I normally have to crank it and give it more gas than expected after sitting for a week or so, read same thing on this forum after searching for a solution, but now I've worn down the battery twice trying to start it. 

I charged the battery, added fuel manually, checked the choke operation (mostly closed when cold and held it open) and see smoke rising fro the carb or passenger side breather after a couple minutes or so of cranking (in short bursts). I've held held the pedal to the floor and pumped while cranking with no start. I need to verify I have spark tonight...

Particulars:
1. 99% Stock car (NOT standard points etc was upgraded to electronic bits in distributor)
2. Checked Choke (held open, slightly open when cold)
3. Manually provided fuel
4. Smoke from carb or breather after cranking for a while in short bursts
5. Throttle works as it should
6. All Fuses good
7. Danced in a circle on one foot while wearing a Nighshade Green headdress (beat you to it Anthony) .

As always thanks in advance for any and all help, it's much appreciated!

Dan


----------



## dan woodland (Jul 24, 2013)

PS. Should have mentioned the engine, as far as I know, has never been cracked open and it has only 67K miles on it.


----------



## oldskool (Apr 26, 2015)

"...I need to verify I have spark tonight..."



Yeah, do this.


----------



## wings012345 (Sep 10, 2014)

I have the same issue you describe with my 68. if it sits a few days its tough too start. A shot of starting fluid fires her right up. Once started, she fires up all day. I've replaced the Fuel Pump and Rochester from Summit. My orig carb was shot. IM told the carb is prob leaking fuel from the bowl after a few days. Not sure. I will prob take the carb to a reputable rebuilder.


----------



## dan woodland (Jul 24, 2013)

oldskool said:


> "...I need to verify I have spark tonight..."
> 
> 
> 
> Yeah, do this.


I didn't have a partner to crank while I checked for fire...  which now 
i know I don't have. I can't find a coil so I assume it is on top of the distributor now.

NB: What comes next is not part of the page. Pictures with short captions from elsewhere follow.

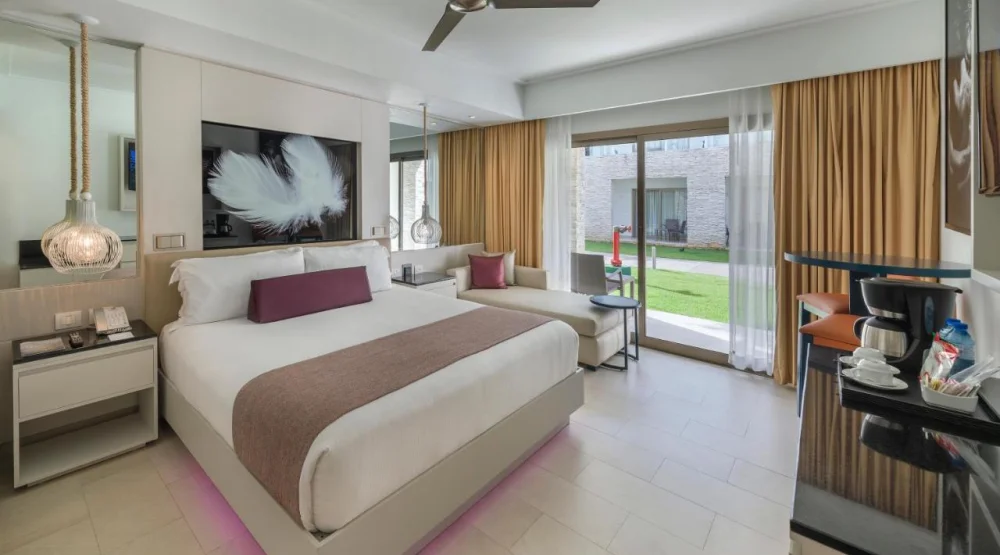 Luxury Room at Royalton Chic Punta Cana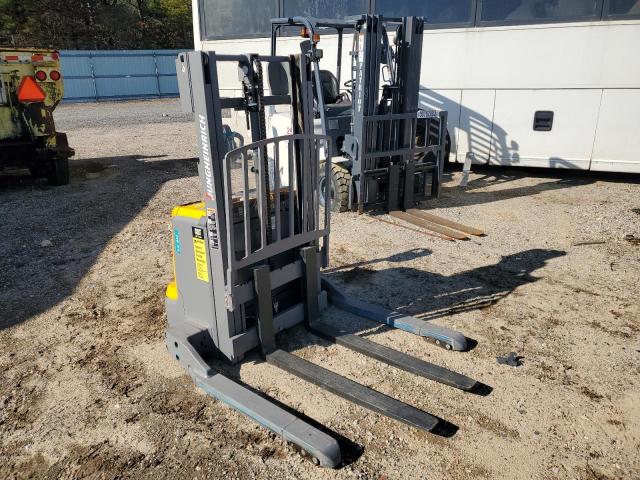 2020 FORK FORKLIFT, 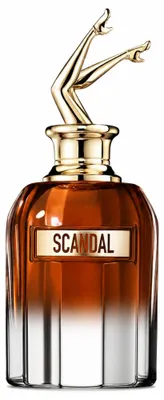 Produktbild von Jean Paul Gaultier Scandal Elixir Parfum, Frauen, 50 ml, Spray, *** Scandal Elixir Parfum *** ALCOHOL DENAT., PARFUM (FRAGRANCE), AQUA (WATER/EAU), TETRAMETHYL..., 1 Stück(e)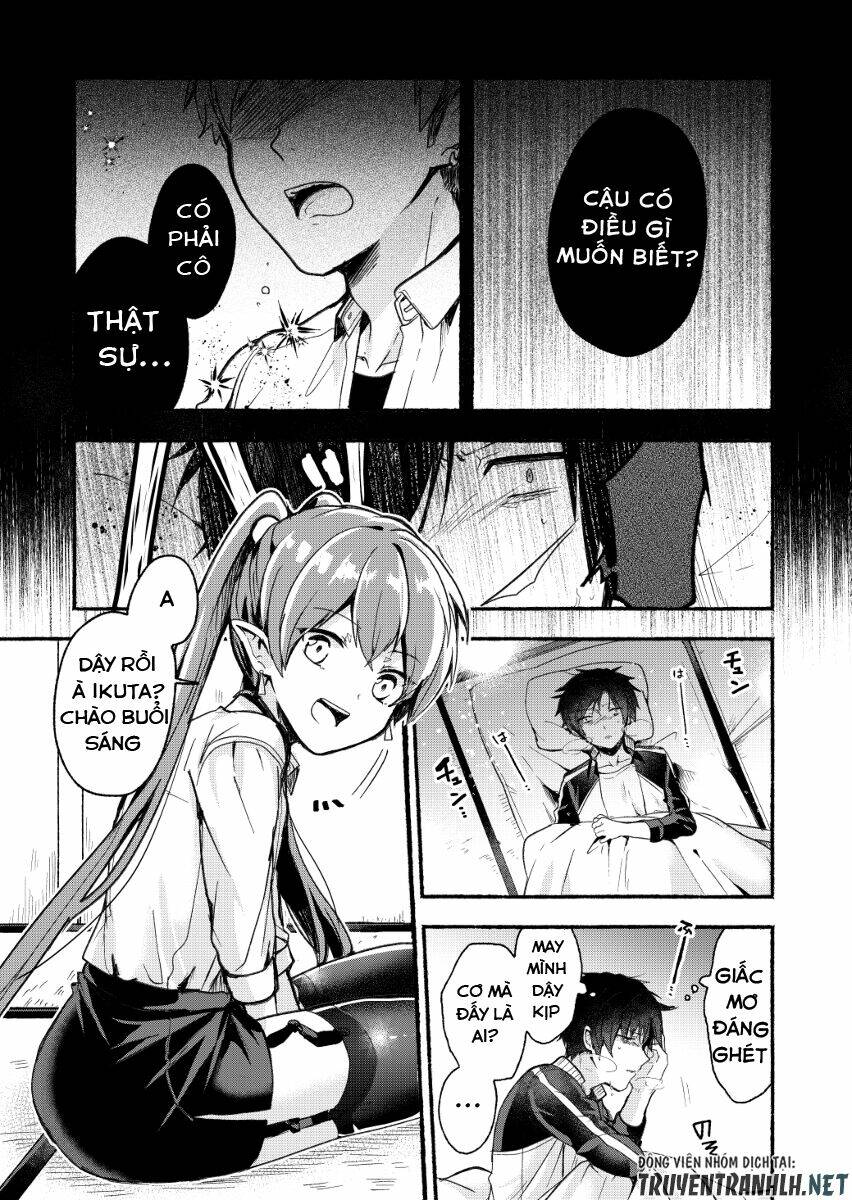 rokujo hito×ma chapter 7 2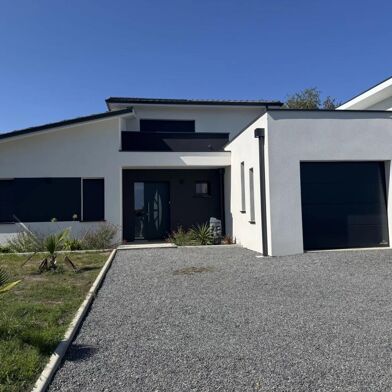 Maison 5 pièces 748800 €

This side says Tach Bat...



Any one have experience with this type of ignition?


----------



## PontiacJim (Dec 29, 2012)

*Dan*: "Should have mentioned the engine, as far as I know, has never been cracked open and it has only 67K miles on it.

*PJim*: At that mileage, you may need a new timing chain and gears. The factory chains stretch and if it had the nylon gears, they are most likely worn. If you try and time the engine using the factory settings, they may be off enough to cause starting problems, so this could be a cause to some of your problems.

However, the "smoke" sounds like gas vapors, which tends to indicate your carb has a leak internally, bad gasket somewhere, needle and seat no closing completely, or your float level set too high or stuck.

*Dan*: "and see smoke rising from the carb or passenger side breather after a couple minutes or so of cranking (in short bursts)." 

*PJim*: I re-read this above. Smoke out the side breather? I don't think you would get enough gas vapor to come out of a side breather, BUT, from what you describe, could this actually be blow-by from the rings which would exit out the breather. So now I am confused a bit from your description. Need more info on "the breather."

Don't know what part of the country you live in, but here it is summer and almost 100 degrees. Your choke should be wide open the minute you pump the throttle to the floor once -if not, you may have it out of adjustment. If your car is flooding, it will be hard to start and any choke will make it worse. Have you tried starting it with your foot to the floor - carb wide open whie you crank - to clear the engine of excess gas? Make sure you have a fire extinguisher handy if you have a flooding problem and KEEP the air cleaner on as it can act as a flame retarder. One backfire through a flooded carb and you could lose your car to a fire.

On the distributor..... Did you yourself remove the points and put in the electronic conversion parts? Your distributor looks like an HEI unit which would have already had the electronics in it. The coil is indeed in the top of the cap. Often times the electronic module goes bad (under the cap) in these things and typically just quits on you, but I guess it could pitch a fit if it were letting you know it was about to quit.....the 5 minute warning.

You also have to have 12 volts to an HEI distributor, not the 8 volt resistor wire that would have been factory on a '69 car with points. Was this changed out?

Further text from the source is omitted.